[What to work on]
Once the pictures are set aside, transcribe each line of the listing exactly.

── Given data ──

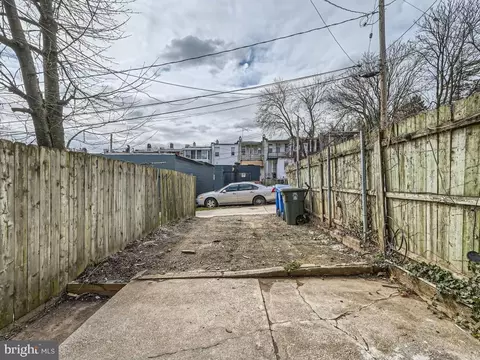 View/Area - 2807 Erdman Ave, Baltimore, MD 21213 photo 1 of 1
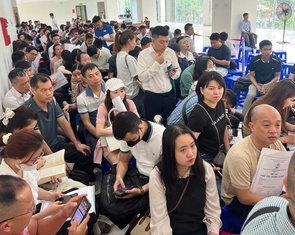 Hà Nội lý giải việc dân xếp hàng dài từ rạng sáng để xử lý thủ tục hành chính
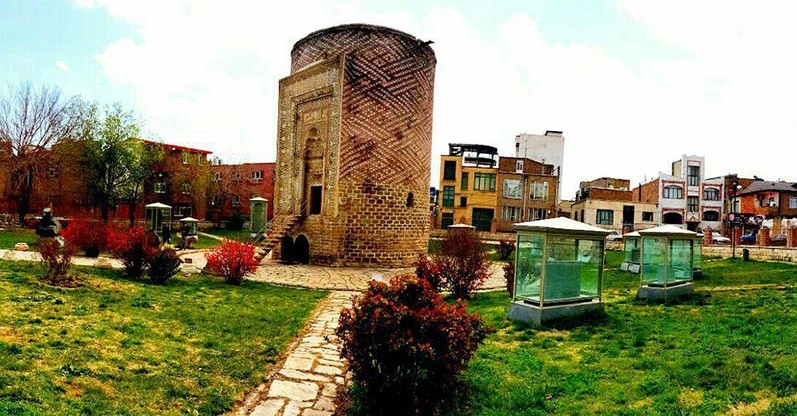 برج سه گنبد؛ بنایی که مهارت&zwnj;های معماران ایرانی را به رخ جهان می&zwnj;کشد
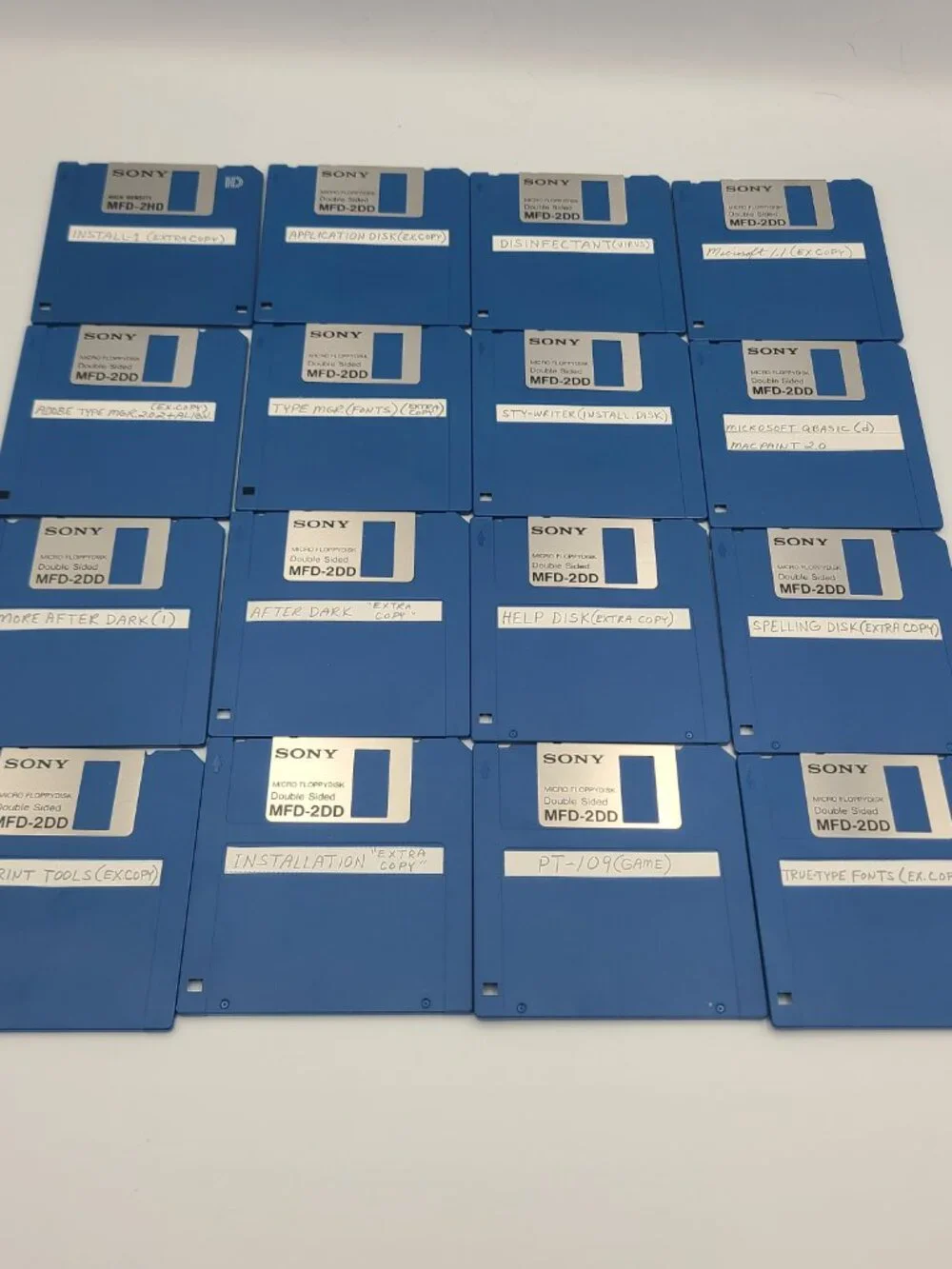 Lot of 22 Sony 3.5” Floppy Micro Floppydisk Double Sided 6 MFD-2HD 16 MFD-2DD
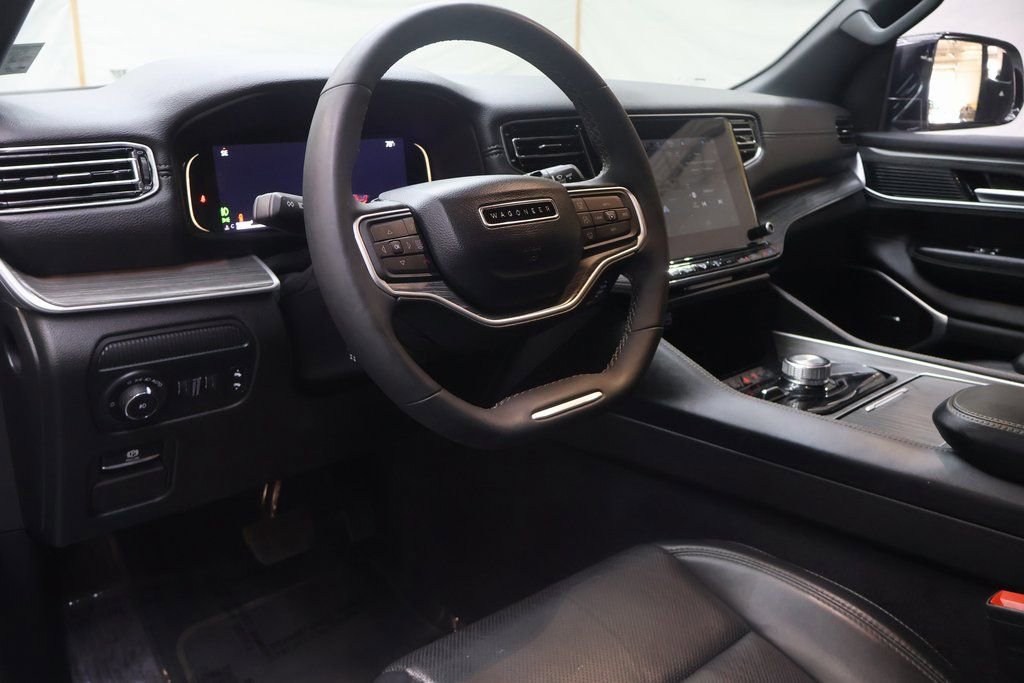 Used 2024 Jeep Wagoneer Series II w/ Flexible Seating Group image 22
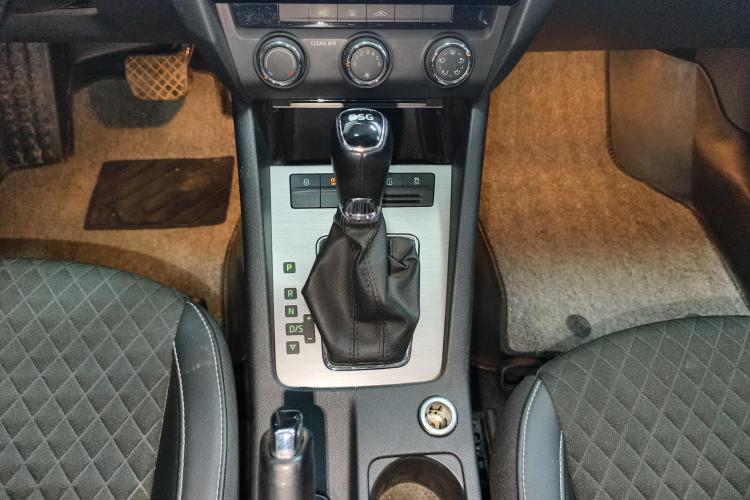 斯柯达 明锐 2018款 TSI280 DSG豪华版中控内饰18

───

[Solution to this exercise]
 View/Area - 2807 Erdman Ave, Baltimore, MD 21213 photo 1 of 1
 Hà Nội lý giải việc dân xếp hàng dài từ rạng sáng để xử lý thủ tục hành chính
 برج سه گنبد؛ بنایی که مهارت&zwnj;های معماران ایرانی را به رخ جهان می&zwnj;کشد
 Lot of 22 Sony 3.5” Floppy Micro Floppydisk Double Sided 6 MFD-2HD 16 MFD-2DD
 Used 2024 Jeep Wagoneer Series II w/ Flexible Seating Group image 22
 斯柯达 明锐 2018款 TSI280 DSG豪华版中控内饰18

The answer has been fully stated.